Material shown below:

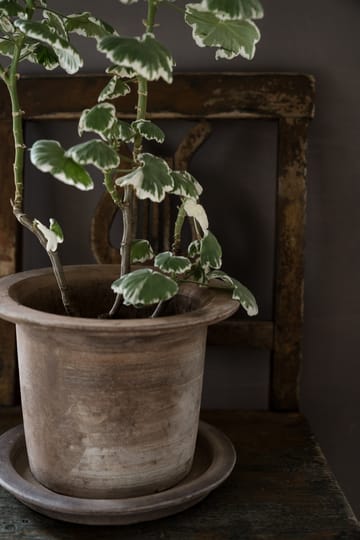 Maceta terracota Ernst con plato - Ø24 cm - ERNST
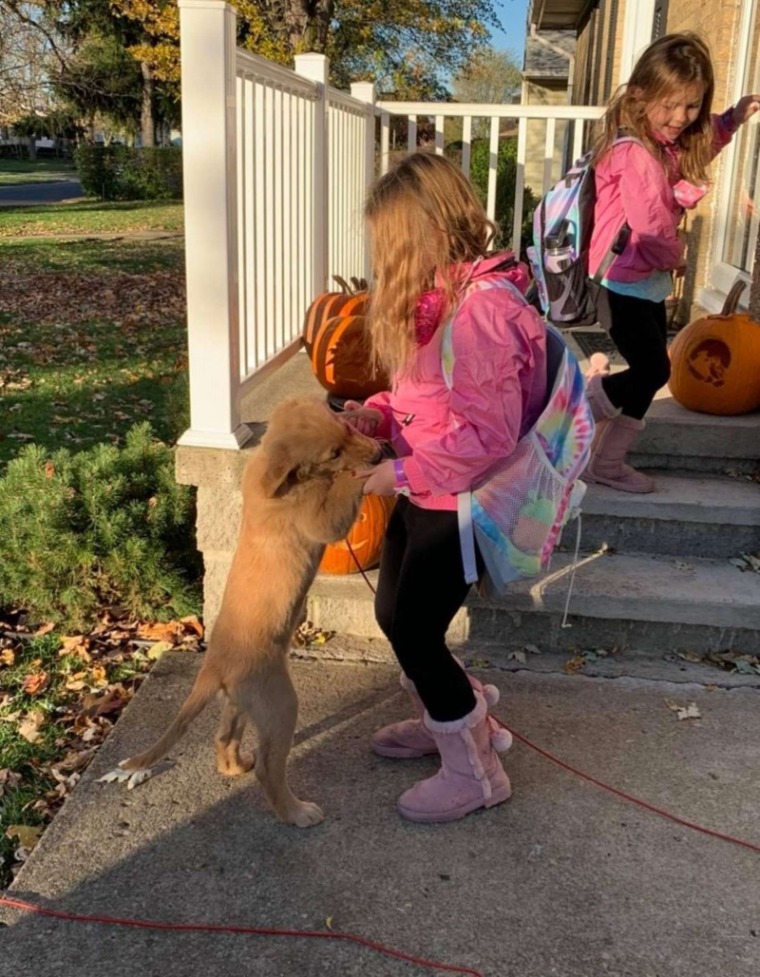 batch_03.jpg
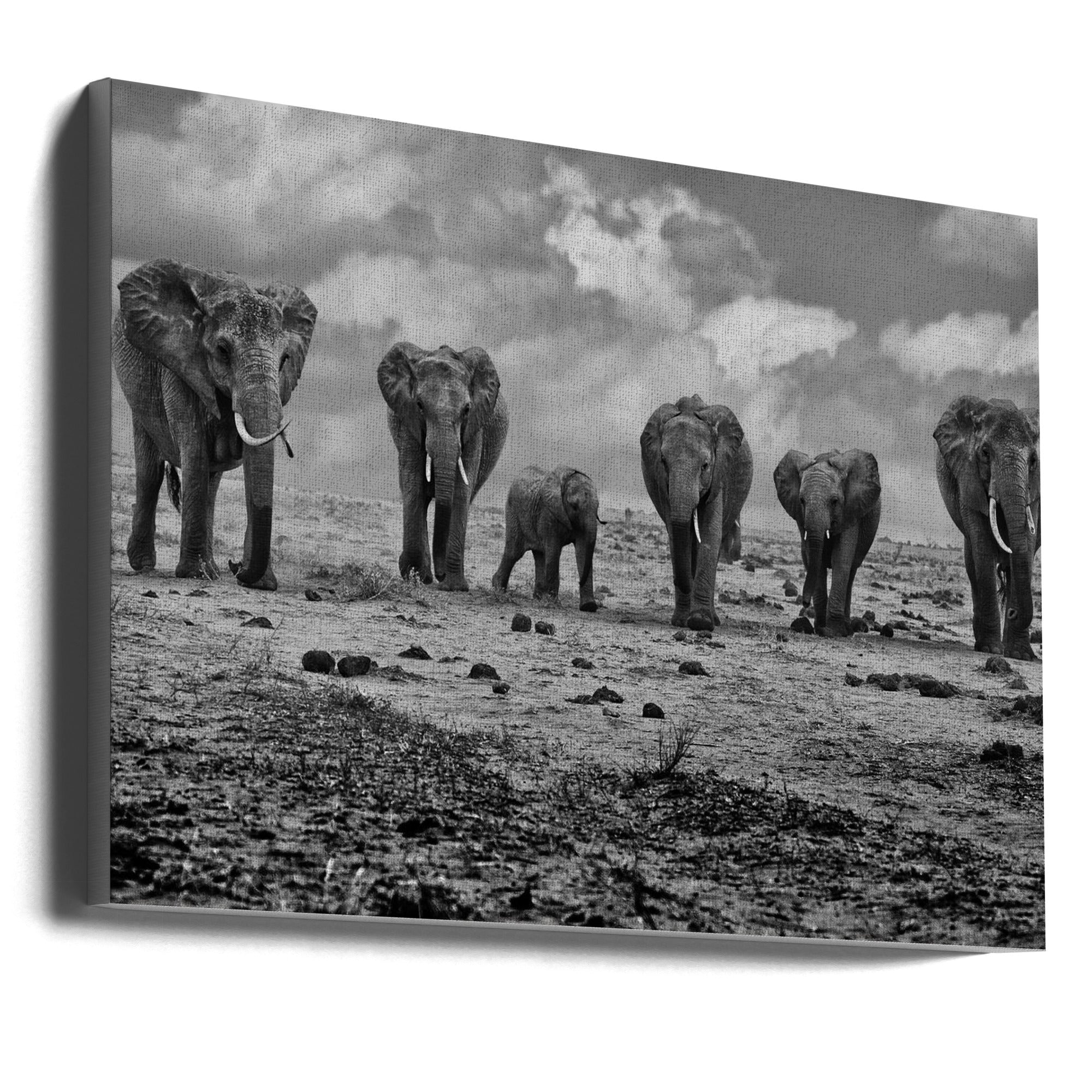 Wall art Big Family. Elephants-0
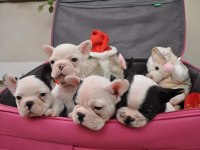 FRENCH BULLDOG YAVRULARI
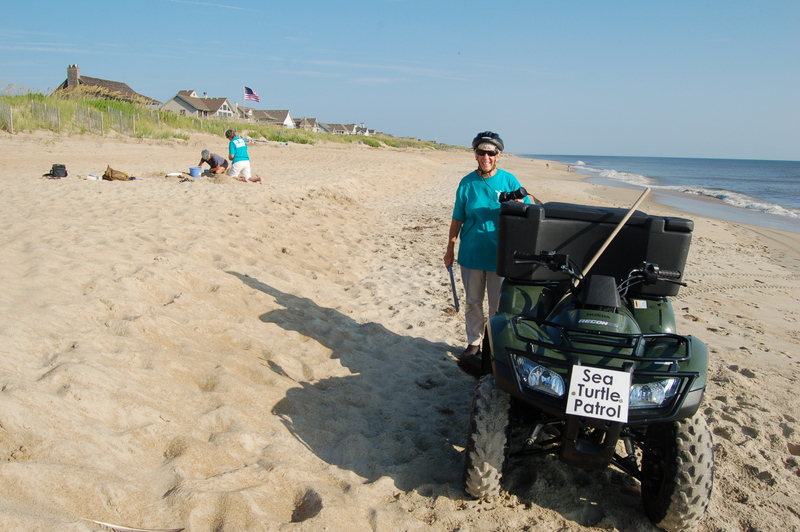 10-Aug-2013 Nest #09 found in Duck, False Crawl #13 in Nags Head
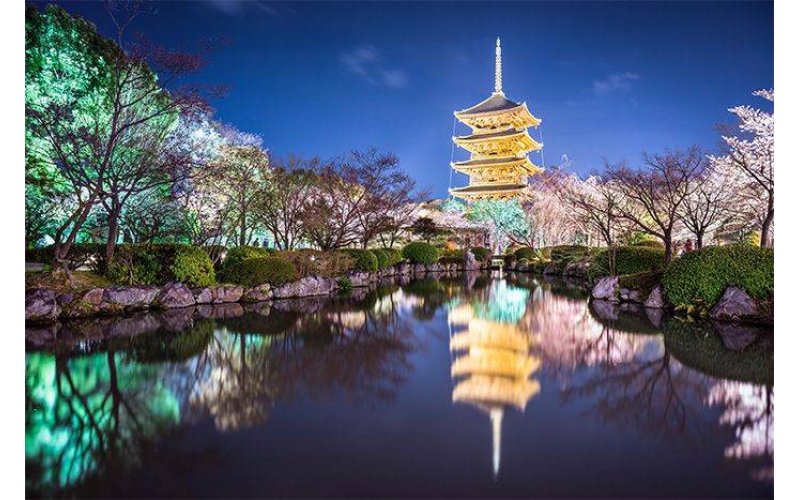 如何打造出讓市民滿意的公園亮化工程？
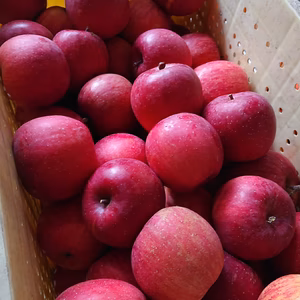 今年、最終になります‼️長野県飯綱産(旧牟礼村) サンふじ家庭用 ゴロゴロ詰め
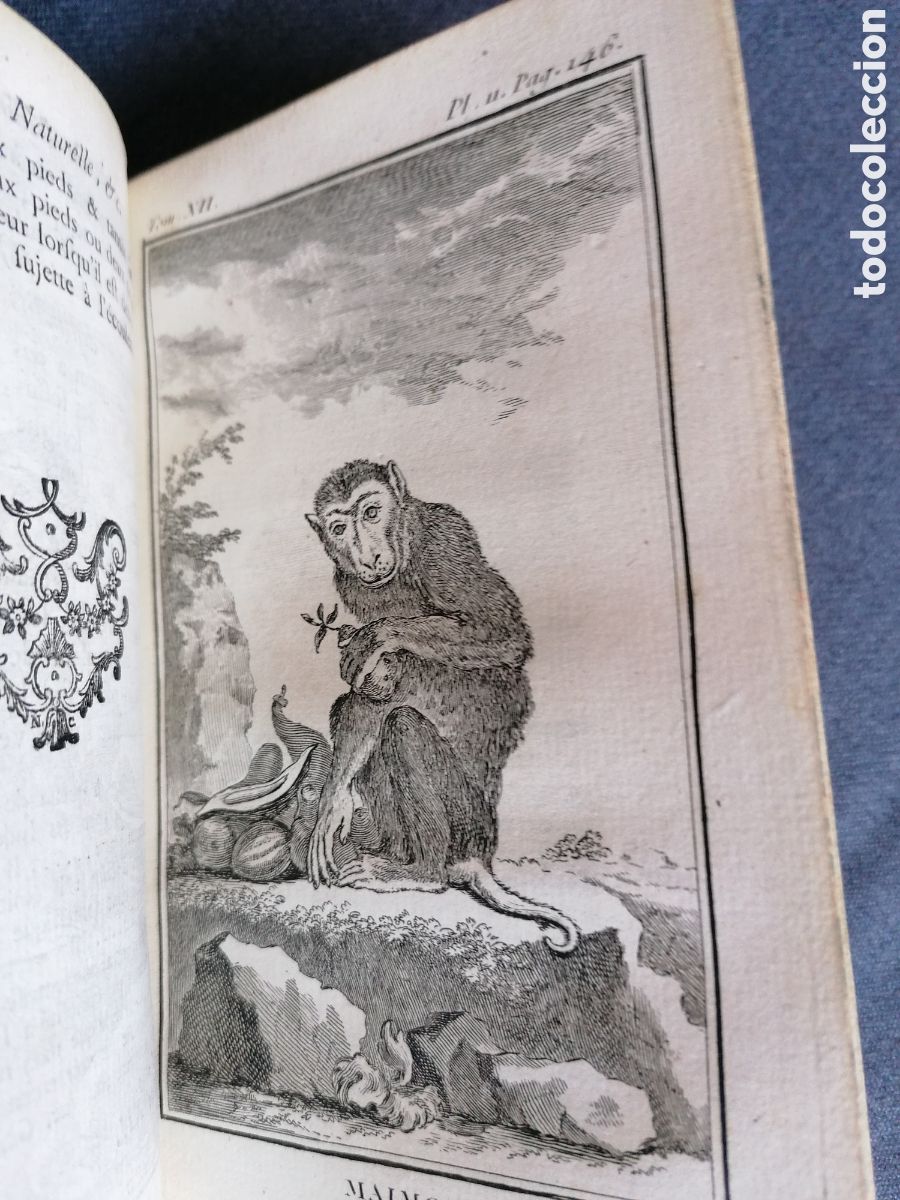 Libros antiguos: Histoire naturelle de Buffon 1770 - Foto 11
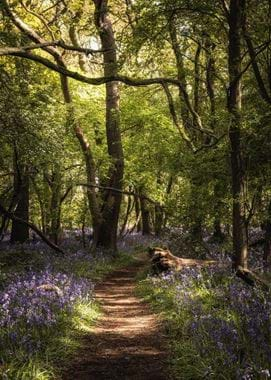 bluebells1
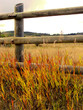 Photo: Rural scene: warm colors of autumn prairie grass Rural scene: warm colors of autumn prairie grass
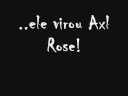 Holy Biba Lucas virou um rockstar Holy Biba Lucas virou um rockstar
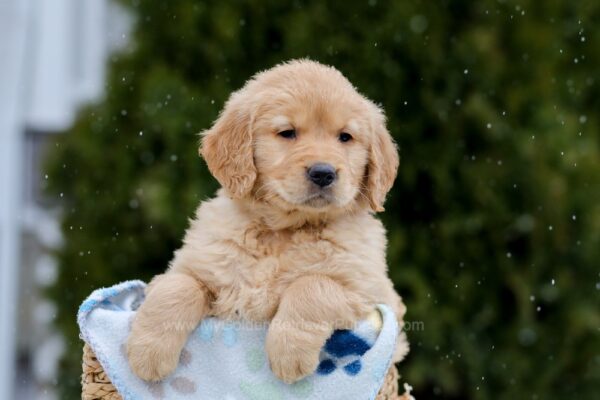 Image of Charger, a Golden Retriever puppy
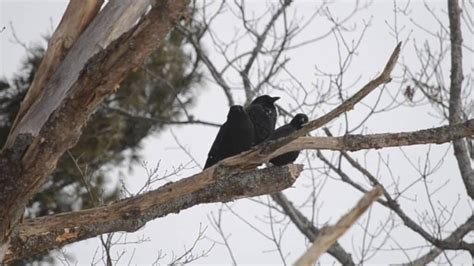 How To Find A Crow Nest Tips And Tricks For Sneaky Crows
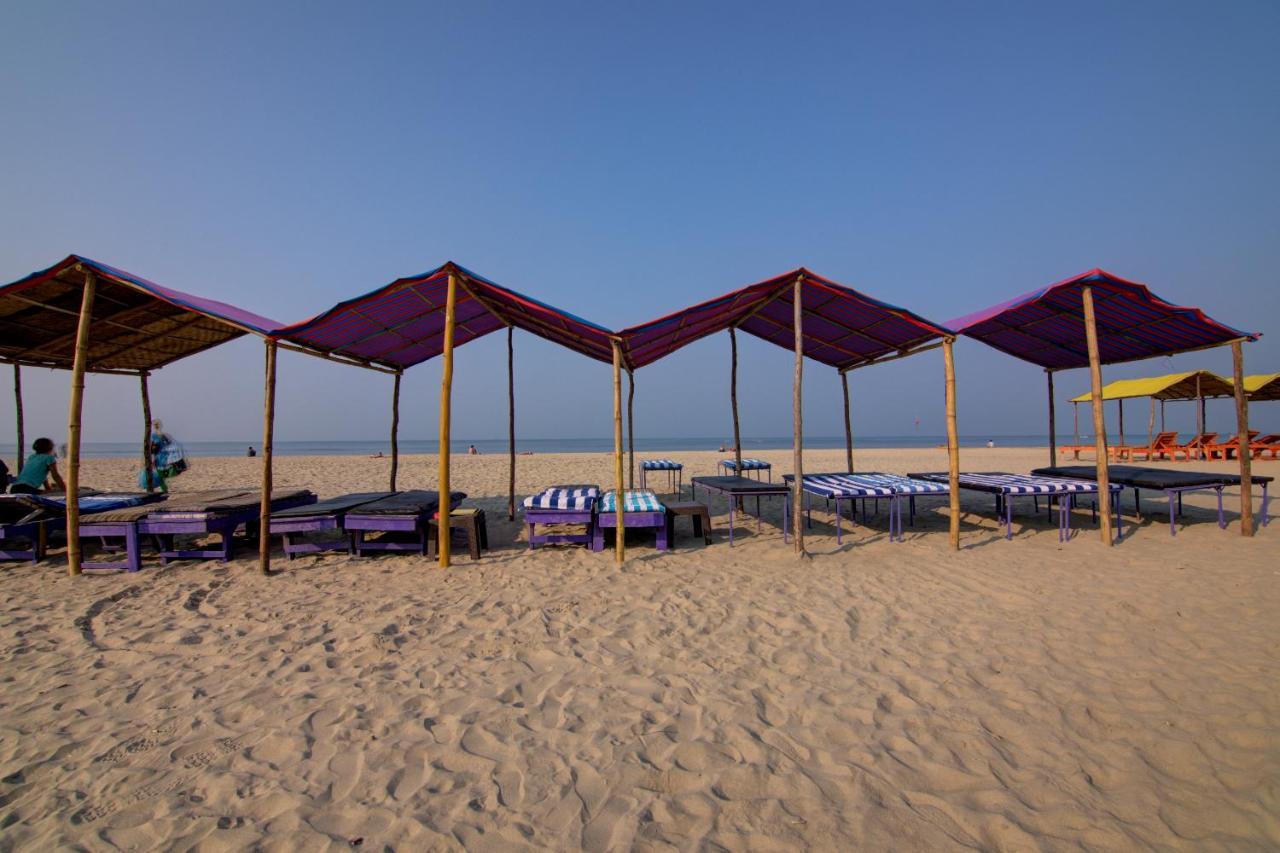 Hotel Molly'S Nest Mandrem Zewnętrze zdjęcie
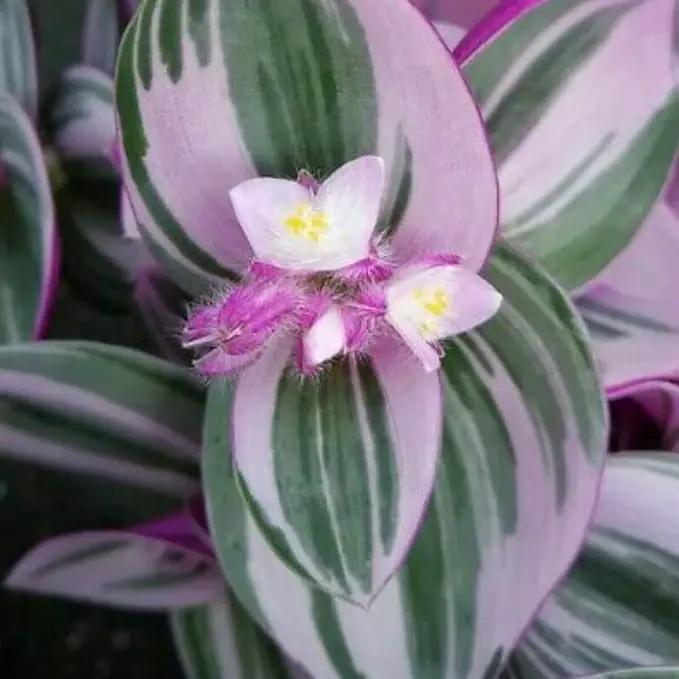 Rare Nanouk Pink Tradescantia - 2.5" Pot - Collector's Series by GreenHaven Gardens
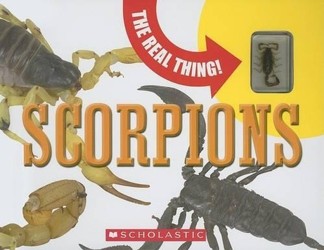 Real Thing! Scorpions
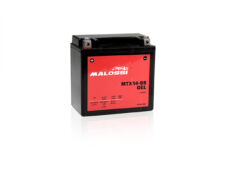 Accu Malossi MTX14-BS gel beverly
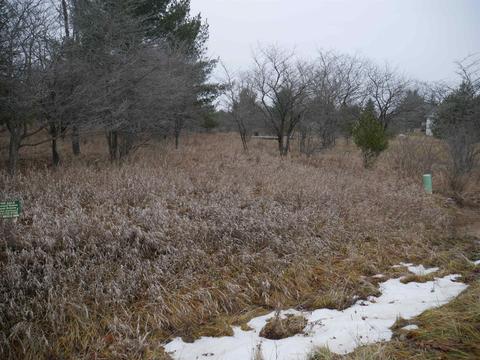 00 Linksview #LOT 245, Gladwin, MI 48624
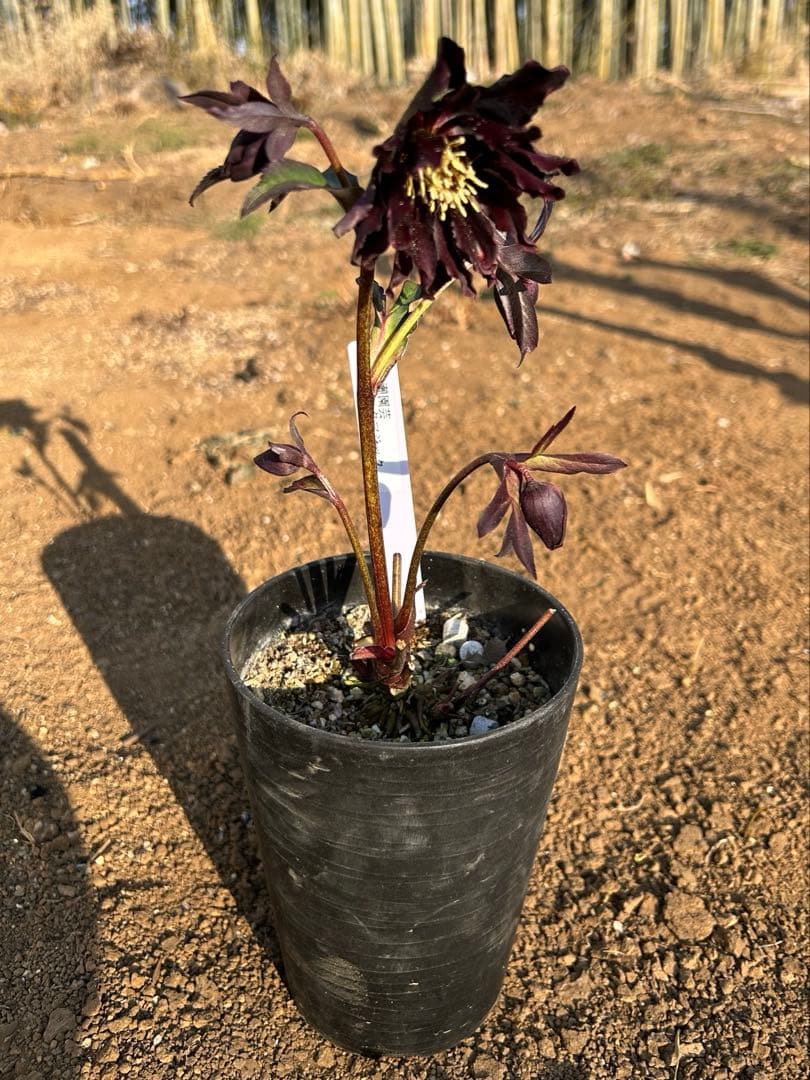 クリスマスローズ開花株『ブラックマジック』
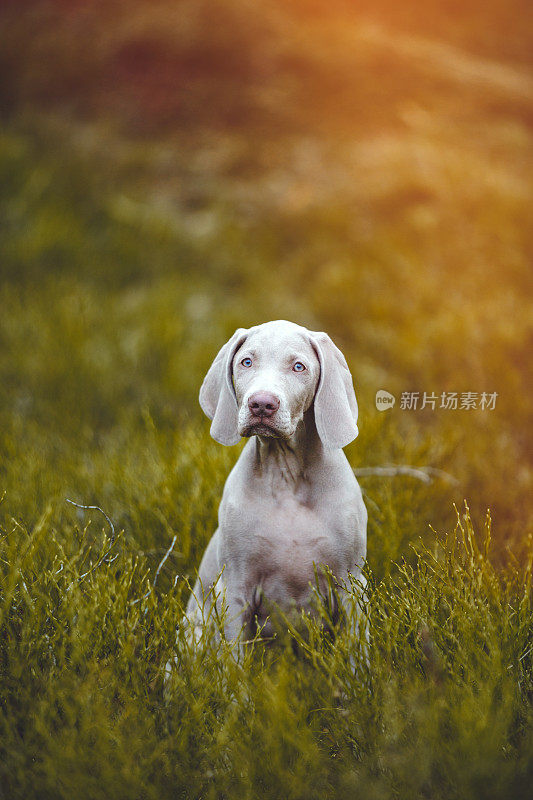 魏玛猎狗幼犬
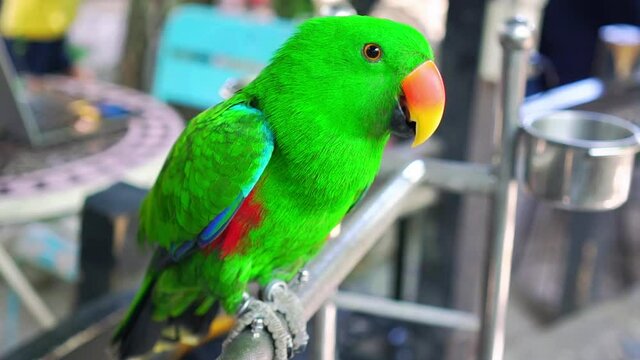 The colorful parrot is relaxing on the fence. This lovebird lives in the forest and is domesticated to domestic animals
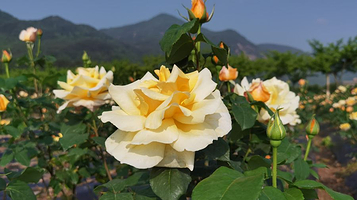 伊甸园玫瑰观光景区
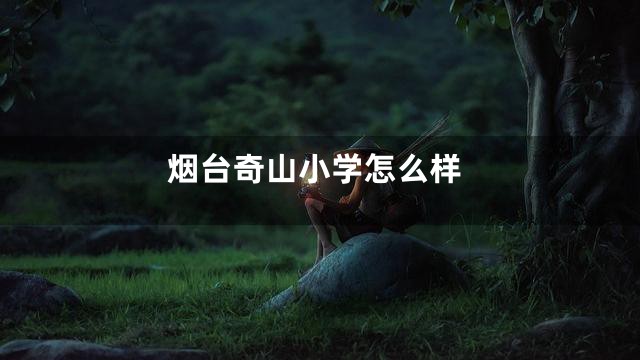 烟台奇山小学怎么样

End of Material shown.

Requirement
Above are the records; set down exactly the lines from the line containing "The colorful parrot" through their last line, leaving every picture out.

Output
 The colorful parrot is relaxing on the fence. This lovebird lives in the forest and is domesticated to domestic animals
 伊甸园玫瑰观光景区
 烟台奇山小学怎么样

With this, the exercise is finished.